I think because of the format and rules of this website, we all tend to be in the exact same rank here, with not much room for differences in prestige apart from number of likes and and posts. 

In my experience both men and women tend to be supportive of each other within the same social rank. But in my experience, that supportiveness doesn't usually exist across rank.


----------



## always_alone

Lon said:


> In my experience both men and women tend to be supportive of each other within the same social rank. But in my experience, that supportiveness doesn't usually exist across rank.


You mean across social or economic classes? What do you mean by rank here?

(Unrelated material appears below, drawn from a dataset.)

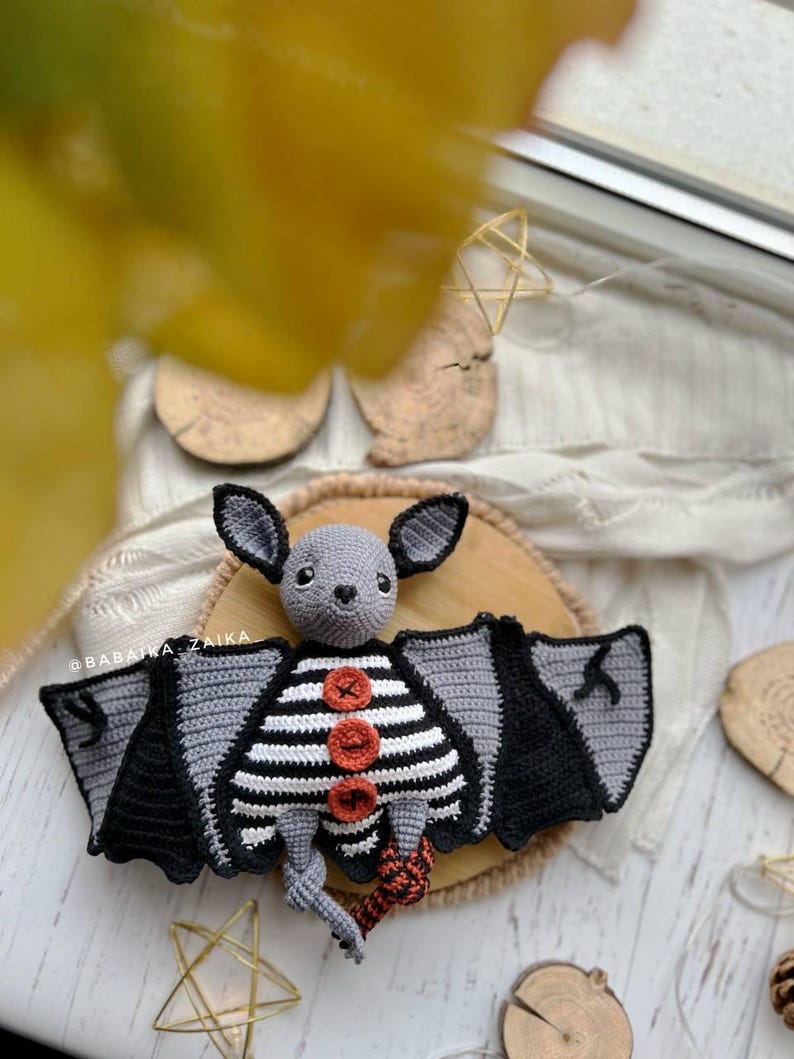 Amigurumi Halloween bat with striped belly and wings, spooky crochet plush pattern for DIY decor and gifts.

I've also seen lots of support in my IRL experiences that cuts across cultural and economic groups. But maybe I need to think about that more. I've certainly seen people look down their noses at others, although this is not who I typically associate with.


----------



## Lon

always_alone said:


> *You mean across social or economic classes?* What do you mean by rank here?
> 
> I've also seen lots of support in my IRL experiences that cuts across cultural and economic groups. But maybe I need to think about that more. I've certainly seen people look down their noses at others, although this is not who I typically associate with.


Sure, rank in terms of however a group of people want to rank themselves within it. In this case, social class among TAM. basically the ability for people to be willing to attempt to relate to each other.


----------



## Fozzy

always_alone said:


> My experience is that women are usually quite supportive of each other, and not so inclined to establish pecking orders or social ranks.
> 
> This thread is a pretty good example of that, IMHO. With only one or two exceptions, most examples of ranking were more about choice of who to hang out with than establishing a hierarchy.


You should sit in on some of our local PTA meetings. There is very much a hierarchy in effect. Not on paper, and not official, but dang there are some bully women.


----------



## ScarletBegonias

Fozzy said:


> You should sit in on some of our local PTA meetings. There is very much a hierarchy in effect. Not on paper, and not official, but dang there are some bully women.


one of MANY reasons I never got into the PTA


----------



## NobodySpecial

ScarletBegonias said:


> one of MANY reasons I never got into the PTA


Boy did I hate the PTA. But that was not why. No rank and bickering here. Just issues that we could nothing about. No money. No power. Just a bunch of chicks with nothing that could be accomplished.


----------



## always_alone

Fozzy said:


> You should sit in on some of our local PTA meetings. There is very much a hierarchy in effect. Not on paper, and not official, but dang there are some bully women.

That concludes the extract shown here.